I am writing a windows service that needs to be running 24/7. It is a pretty simple service that monitors a directory where files are dropped into and processes those files. I need to restart the service if an unhandled exception is thrown.
Is there a way for a service to restart itself in the event of an unhandled exception?
The Services applet has many different recovery features:
It can take different actions on the first, second, and subsequent failures:
Restart the service, after a configurable delay
Run a Program (passing command line parameters, possibly including the failure count)

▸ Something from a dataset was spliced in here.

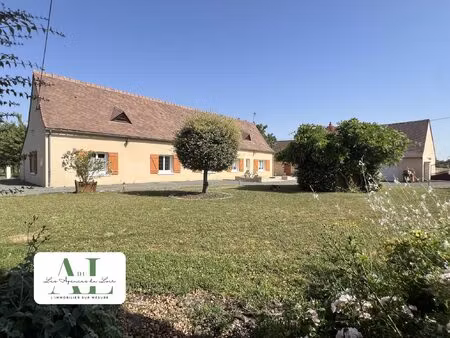 durtal – maison de plain-pied de 186 m² avec dépendances  ha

Restart the Computer (after a configurable delay, and with a particular message being sent)
The program that runs should be able to look in the event log and see the reason for failure (especially if you log it), and should therefore be able to disable the service if the exception is one that is not recoverable.
And, of course, in the meantime, the service should be logging what's going on, which should enable any management tool to notify Operations of what's going on.

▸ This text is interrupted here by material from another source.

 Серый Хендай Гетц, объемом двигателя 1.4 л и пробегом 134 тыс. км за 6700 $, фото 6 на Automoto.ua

I agree that you should probably not configure "third and subsequent" to be "restart service", or you could wind up in a loop.
Have you tried using the Recovery tab of the Service entry - you can set rules for failures, including "Restart the Service" - by default this is on "No Action"
This is able to be done programatically if you wanted, this code was not written by me. I am posting the link to the Authors CodeProject page that contains the source / binaries. Below the link I have explained how I implemented the authors code.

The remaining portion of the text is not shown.